Saturday, February 27, 2010

It hurts

Questions about suffering are, perhaps, some of the hardest ones a Christian can encounter. Why am I suffering?" "If God really loves me, why does He let me go through this?" "Why me" and "What did I do to deserve this?" There are plenty more questions like this, but you get the idea. Tough questions about a tough subject. Sometimes, the answers aren't what we want to hear and, sometimes, the answers aren't readily apparent and we have to wait for them. Which can make a hard situation even harder. In those cases, we have to rely on friends, family and prayer to get us through. I've done some reading on this subject and come away with a new understanding of suffering. I'll try and relate it here.

I think first we need to see where suffering comes from. A lot of it comes about from our own actions. We have our own will and generally exercise it instead of working in accordance with God's will. When crap we do splashes back on us, I think most people can deal with it. It's not fun, but we realize we did it to ourselves and reluctantly take our medicine. Then, there's the stuff that happens to us because someone else decided to screw up. This is a lot harder to deal with. But, knowing the source, we can usually take steps to mitigate the problem. If not in the present situation, at least in the future. It's when something so seemingly random happens to us that hits the hardest. Two years ago, at the age of 46, I was diagnosed with colon cancer. I was in pretty good shape at the time, ate well and exercised. Colon cancer in someone below the age of 50 is extremely rare, yet I got it. The initial stage of treatment (surgery and recovery) wasn't exactly fun, but I made it through pretty well. The adjunctive chemo therapy (what they give you to make sure they got it all) was another story. I've never felt so miserable in my entire life. You've heard people say they'd have to get better to die? I actually felt that way.
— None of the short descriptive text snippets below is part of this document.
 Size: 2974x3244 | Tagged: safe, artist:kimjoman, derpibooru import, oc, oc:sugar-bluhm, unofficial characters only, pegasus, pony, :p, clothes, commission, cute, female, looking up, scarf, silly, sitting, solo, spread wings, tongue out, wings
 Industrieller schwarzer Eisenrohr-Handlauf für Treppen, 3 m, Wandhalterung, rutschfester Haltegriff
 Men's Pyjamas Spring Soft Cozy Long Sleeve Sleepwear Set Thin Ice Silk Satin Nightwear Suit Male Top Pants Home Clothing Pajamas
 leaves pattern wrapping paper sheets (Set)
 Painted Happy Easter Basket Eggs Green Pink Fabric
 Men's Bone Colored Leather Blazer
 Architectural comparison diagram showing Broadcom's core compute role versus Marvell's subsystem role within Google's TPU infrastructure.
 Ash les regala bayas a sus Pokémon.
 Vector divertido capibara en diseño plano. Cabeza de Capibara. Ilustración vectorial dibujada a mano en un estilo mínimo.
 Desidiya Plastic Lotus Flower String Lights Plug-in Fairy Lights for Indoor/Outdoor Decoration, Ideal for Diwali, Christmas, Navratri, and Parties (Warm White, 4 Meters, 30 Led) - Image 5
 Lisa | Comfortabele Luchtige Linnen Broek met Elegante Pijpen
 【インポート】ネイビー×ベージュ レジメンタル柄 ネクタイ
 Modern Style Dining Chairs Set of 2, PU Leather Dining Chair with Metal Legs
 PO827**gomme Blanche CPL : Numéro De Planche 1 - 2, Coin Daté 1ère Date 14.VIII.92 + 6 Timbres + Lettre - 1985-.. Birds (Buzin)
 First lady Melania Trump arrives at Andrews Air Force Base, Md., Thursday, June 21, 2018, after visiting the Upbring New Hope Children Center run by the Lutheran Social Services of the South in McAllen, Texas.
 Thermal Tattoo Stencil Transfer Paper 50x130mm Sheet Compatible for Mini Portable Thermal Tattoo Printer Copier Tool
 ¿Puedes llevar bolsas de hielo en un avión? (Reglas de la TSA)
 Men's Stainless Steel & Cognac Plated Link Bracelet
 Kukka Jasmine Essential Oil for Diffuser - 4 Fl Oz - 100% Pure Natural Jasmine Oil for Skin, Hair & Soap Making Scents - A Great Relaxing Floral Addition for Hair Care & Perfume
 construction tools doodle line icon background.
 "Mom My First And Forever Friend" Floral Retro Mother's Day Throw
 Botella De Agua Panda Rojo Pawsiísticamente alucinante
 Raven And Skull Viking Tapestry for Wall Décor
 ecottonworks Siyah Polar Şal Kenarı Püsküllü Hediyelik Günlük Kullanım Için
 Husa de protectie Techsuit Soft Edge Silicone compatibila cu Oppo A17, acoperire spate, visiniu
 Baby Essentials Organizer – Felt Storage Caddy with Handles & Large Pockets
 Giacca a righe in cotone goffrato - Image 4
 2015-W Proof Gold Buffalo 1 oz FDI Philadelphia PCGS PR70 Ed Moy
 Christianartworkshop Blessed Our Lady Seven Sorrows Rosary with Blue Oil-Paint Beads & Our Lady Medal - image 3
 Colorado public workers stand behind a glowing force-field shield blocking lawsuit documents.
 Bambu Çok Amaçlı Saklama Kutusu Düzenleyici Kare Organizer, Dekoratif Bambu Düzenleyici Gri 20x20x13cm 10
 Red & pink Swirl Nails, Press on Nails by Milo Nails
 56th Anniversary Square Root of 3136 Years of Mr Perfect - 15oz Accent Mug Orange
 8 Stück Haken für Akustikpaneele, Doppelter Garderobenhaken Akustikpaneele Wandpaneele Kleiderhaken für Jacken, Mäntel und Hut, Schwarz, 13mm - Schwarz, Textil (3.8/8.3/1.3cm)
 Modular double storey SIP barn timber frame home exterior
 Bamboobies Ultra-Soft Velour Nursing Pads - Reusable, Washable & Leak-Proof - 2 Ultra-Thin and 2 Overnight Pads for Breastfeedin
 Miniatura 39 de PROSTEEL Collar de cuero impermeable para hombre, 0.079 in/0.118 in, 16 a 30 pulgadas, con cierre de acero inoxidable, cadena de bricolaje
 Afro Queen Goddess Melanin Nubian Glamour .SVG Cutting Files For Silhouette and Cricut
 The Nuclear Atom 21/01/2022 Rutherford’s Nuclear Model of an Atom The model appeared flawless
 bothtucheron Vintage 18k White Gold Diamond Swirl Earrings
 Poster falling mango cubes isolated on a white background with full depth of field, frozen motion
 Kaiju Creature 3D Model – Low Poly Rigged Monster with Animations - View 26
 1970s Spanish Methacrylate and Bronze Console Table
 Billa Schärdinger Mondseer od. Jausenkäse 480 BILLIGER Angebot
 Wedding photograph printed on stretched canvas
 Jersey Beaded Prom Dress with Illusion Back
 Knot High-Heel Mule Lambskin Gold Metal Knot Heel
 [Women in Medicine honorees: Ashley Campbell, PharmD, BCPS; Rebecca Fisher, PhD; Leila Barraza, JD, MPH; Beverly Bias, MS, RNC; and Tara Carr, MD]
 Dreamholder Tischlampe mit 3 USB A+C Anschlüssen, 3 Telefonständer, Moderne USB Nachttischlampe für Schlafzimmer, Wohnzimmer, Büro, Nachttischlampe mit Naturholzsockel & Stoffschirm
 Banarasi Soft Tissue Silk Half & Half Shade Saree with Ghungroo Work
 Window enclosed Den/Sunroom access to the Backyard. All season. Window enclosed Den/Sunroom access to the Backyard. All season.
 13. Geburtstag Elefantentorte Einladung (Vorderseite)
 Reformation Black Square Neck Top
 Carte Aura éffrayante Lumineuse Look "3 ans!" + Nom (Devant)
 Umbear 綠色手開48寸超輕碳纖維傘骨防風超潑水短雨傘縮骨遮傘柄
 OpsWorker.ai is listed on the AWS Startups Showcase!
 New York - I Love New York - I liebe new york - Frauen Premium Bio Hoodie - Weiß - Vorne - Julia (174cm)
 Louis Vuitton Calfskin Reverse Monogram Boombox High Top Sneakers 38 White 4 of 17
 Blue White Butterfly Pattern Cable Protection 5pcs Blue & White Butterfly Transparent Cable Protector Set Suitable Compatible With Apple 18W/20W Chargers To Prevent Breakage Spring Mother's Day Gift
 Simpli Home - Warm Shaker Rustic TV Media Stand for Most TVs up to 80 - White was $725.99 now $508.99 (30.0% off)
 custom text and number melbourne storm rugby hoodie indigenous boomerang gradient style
There were days when I said to God "If you can't fix this, then take me now. I can't stand it". I wondered more than once why I was going through this. No great answer came to me through the Divine Megaphone. No amazing epiphanies or angels coming down and blessing me. Well, maybe there were angels, they just didn't play harps and have halos. I gained the strength to make it through from the love of my family and friends. Especially from my father. A few years earlier, he'd been diagnosed with Non-Hodgkin's Lymphoma and had his own bouts of chemotherapy, so he knew what I was going through. Somtimes, just his presence was enough. He's not exactly what you'd call tender, but he was there and just what I needed. At the time, I felt my pleas went unanswered and I struggled greatly with why I was even in that predicament. I realized later that my prayers were heard and answered and, as for why? Well, sometimes sh-t just happens. A couple of my pastor friends say it comes from the broken world we live in. I like my answer better. Shorter and more to the point.

As I read, I saw suffering equated with love. The philosopher, Nicholas Wolterstorff said in his book Lament for a Son, "God is love. That is why he suffers. To love our suffering world is to suffer...The one who does not see God's suffering does not see his love. So, suffering is down at the centre of things, deep down where the meaning is. Suffering is the meaning of our world. For love is meaning. And love suffers. The tears of God are the meaning of history." Some point to the existence of suffering as evidence of an uncaring God. I like the words of William Temple, former Archbishop of Canterbury, "There cannot be a God of love," people say, "because if there was, and he looked upon the world, his heart would break." The church points to the Cross and says, "It did break" I already knew these things, of course. But, it's powerful to see them in writing.

One of the new ideas I found in my reading was that suffering is an integral part of our lives. Without it, what would life be like? The British author, Malcolm Muggeridge answer the question this way, "If it were possible to eliminate affliction from our earthly existence by means of some drug or other medical mumbo-jumbo, the results would not be to make life delectable, but to make it too banal and trivial to be endurable." I also believe that suffering is the greatest builder of our character. The Apostle Paul said in Romans 5:3-5 "And not only that, but we also boast in our sufferings, knowing that suffering produces endurance, and endurance produces character, and character produces hope, and hope does not disappoint us, because God’s love has been poured into our hearts through the Holy Spirit that has been given to us." I also like what Rob Bell says on the subject "How many people, if you ask them to talk about defining moments in their lives, mention really hard things? People rarely say, ‘Well, I went on vacation…’ These moments in our lives that are the most traumatic, that we would do anything to avoid, end up in retrospect being the moments that shape us." So, maybe suffering isn't that bad. Is it?